C. 🌫 Diffusion Models
- Inspired by recent successes in generative models (e.g., DALL·E, Stable Diffusion).
- Key idea: Denoising as generation.
- Steps:
- Add Gaussian noise to expert action: $a_{t, 0} \rightarrow a_{t, 1} \rightarrow \dots \rightarrow a_{t, T}$
- Train a neural network to denoise, i.e., predict either:
- The less noisy version $a_{t, i-1}$, or
- The added noise $\epsilon$ such that $a_{t, i-1} = a_{t, i} - \epsilon$
- At test time:
- Start from random noise.
- Apply the trained network repeatedly to iteratively denoise back to a valid action.
- ✅ This allows capturing complex, multimodal distributions in high-dimensional spaces.
D. 🔁 Autoregressive Discretization (Bonus)
- Breaks down a high-dimensional action into per-dimension discrete outputs, predicted sequentially.
- Inspired by language models (token-by-token generation).
-
Each dimension is discretized independently:
\[a = (a_1, a_2, \dots, a_n), \quad \text{where each } a_i \in \{d_1, d_2, \dots, d_k\}\] - At each step, the model outputs a distribution over discretized values conditioned on previous dimensions.
- Used in RT-1 Robotics Transformer for general-purpose robot control.
✅ Summary
| Method | Handles Multimodality | Scales to High-Dimensional Actions | Stochastic Sampling | Notes |
|---|---|---|---|---|
| Mixture of Gaussians | ✅ | ❌ (limited by number of modes) | ✅ | Easy to implement |
| Latent Variable Models | ✅ | ✅ | ✅ | Needs careful training (e.g., CVAE) |
| Diffusion Models | ✅✅✅ | ✅✅✅ | ✅ | State-of-the-art, expressive |
| Autoregressive Discretization | ✅ | ✅ | ✅ | Makes control a sequence modeling problem |
3.3 Multi-Task Learning
- Goal-Conditioned BC: Policy conditioned on goal image or state.
- Relabeling: Use the achieved end state as the goal.

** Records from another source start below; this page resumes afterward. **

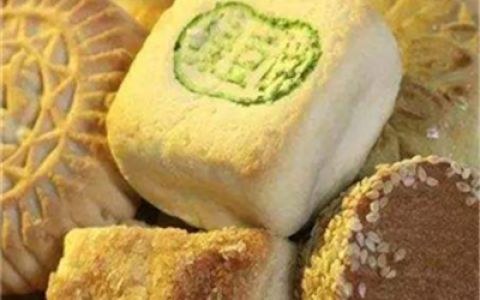 中国糖酥饼排行榜(广州糕点酥饼排行榜)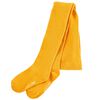 Collants pour enfants ocre 140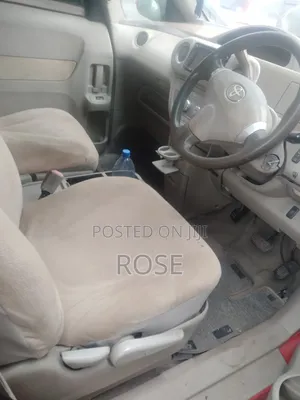 Toyota 4-Runner 2008 Red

- Sub-Optimal Data: Even failures teach how to reach intermediate states.
Example:
- Learning Latent Plans from Play: Play data → relabel → learn general behaviors.
Scalability:
- Combine with history and relabeling → train general-purpose robots.
HER Connection:
- Shares relabeling principle with Hindsight Experience Replay.
3.4 Algorithmic Change: DAgger
- Interactive version of BC.
- Aggregate data from states visited by the learned policy.
- Reduce distributional shift by querying the expert during execution.
4. Recap and Future Outlook
Why Behavioral Cloning Fails:
- Distributional shift → compounding errors.
- Error bound: $( O(\epsilon T^2) )$
Solutions:
- Data Collection: Diverse states + recovery examples.
- Modeling: Sequence models, multimodal outputs, latent variables.
- Multi-task Learning: Goal conditioning + relabeling.
- New Algorithms: DAgger
Limitations:
- Relies on finite demos.
- Humans can’t always demonstrate all recoveries.
- Not inherently self-improving.
Motivation for RL:
- RL enables autonomous trial and error.
- Learning through experience, guided by reward.
Next lectures will explore reinforcement learning as the next step beyond imitation.